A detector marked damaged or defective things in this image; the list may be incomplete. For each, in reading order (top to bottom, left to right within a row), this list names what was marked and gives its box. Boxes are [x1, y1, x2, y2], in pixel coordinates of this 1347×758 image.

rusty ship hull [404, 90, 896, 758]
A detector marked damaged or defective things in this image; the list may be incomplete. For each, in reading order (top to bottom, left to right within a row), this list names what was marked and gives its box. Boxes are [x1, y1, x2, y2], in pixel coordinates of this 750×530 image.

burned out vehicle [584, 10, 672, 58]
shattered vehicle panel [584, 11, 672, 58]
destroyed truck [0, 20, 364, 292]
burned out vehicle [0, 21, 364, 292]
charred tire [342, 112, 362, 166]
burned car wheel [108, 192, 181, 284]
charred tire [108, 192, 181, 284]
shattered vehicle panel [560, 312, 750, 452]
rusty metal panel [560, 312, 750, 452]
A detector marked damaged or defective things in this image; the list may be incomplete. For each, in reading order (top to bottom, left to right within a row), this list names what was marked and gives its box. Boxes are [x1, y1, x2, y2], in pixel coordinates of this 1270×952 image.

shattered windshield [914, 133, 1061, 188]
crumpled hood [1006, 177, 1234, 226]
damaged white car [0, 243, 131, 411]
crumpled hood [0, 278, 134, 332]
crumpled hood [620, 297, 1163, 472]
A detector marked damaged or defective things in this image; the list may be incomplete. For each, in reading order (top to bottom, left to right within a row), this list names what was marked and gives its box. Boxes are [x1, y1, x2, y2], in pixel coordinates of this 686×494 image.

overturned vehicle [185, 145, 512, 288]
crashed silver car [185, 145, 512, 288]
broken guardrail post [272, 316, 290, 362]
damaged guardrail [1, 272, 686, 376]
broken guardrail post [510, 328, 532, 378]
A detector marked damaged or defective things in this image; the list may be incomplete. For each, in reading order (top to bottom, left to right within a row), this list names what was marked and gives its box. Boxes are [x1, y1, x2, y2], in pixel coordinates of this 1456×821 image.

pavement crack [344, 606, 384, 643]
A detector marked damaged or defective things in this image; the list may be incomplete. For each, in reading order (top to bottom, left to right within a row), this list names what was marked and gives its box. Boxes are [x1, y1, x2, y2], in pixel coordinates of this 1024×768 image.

■ ■ ■ ■

## What you are asked to do
Copy every line of the data above exactly.

## Answer below
A detector marked damaged or defective things in this image; the list may be incomplete. For each, in reading order (top to bottom, left to right within a row), this list names what was marked and gives its box. Boxes are [x1, y1, x2, y2], in pixel coordinates of this 1347×758 image.

rusty ship hull [404, 90, 896, 758]
A detector marked damaged or defective things in this image; the list may be incomplete. For each, in reading order (top to bottom, left to right within a row), this list names what was marked and gives its box. Boxes are [x1, y1, x2, y2], in pixel coordinates of this 750×530 image.

burned out vehicle [584, 10, 672, 58]
shattered vehicle panel [584, 11, 672, 58]
destroyed truck [0, 20, 364, 292]
burned out vehicle [0, 21, 364, 292]
charred tire [342, 112, 362, 166]
burned car wheel [108, 192, 181, 284]
charred tire [108, 192, 181, 284]
shattered vehicle panel [560, 312, 750, 452]
rusty metal panel [560, 312, 750, 452]
A detector marked damaged or defective things in this image; the list may be incomplete. For each, in reading order (top to bottom, left to right within a row), this list names what was marked and gives its box. Boxes are [x1, y1, x2, y2], in pixel coordinates of this 1270×952 image.

shattered windshield [914, 133, 1061, 188]
crumpled hood [1006, 177, 1234, 226]
damaged white car [0, 243, 131, 411]
crumpled hood [0, 278, 134, 332]
crumpled hood [620, 297, 1163, 472]
A detector marked damaged or defective things in this image; the list may be incomplete. For each, in reading order (top to bottom, left to right within a row), this list names what was marked and gives its box. Boxes are [x1, y1, x2, y2], in pixel coordinates of this 686×494 image.

overturned vehicle [185, 145, 512, 288]
crashed silver car [185, 145, 512, 288]
broken guardrail post [272, 316, 290, 362]
damaged guardrail [1, 272, 686, 376]
broken guardrail post [510, 328, 532, 378]
A detector marked damaged or defective things in this image; the list may be incomplete. For each, in reading order (top to bottom, left to right within a row), this list names what was marked and gives its box. Boxes are [x1, y1, x2, y2], in pixel coordinates of this 1456×821 image.

pavement crack [344, 606, 384, 643]
A detector marked damaged or defective things in this image; the list may be incomplete. For each, in reading order (top to bottom, left to right within a row), this list names what was marked and gives its box. Boxes are [x1, y1, x2, y2], in pixel coordinates of this 1024×768 image.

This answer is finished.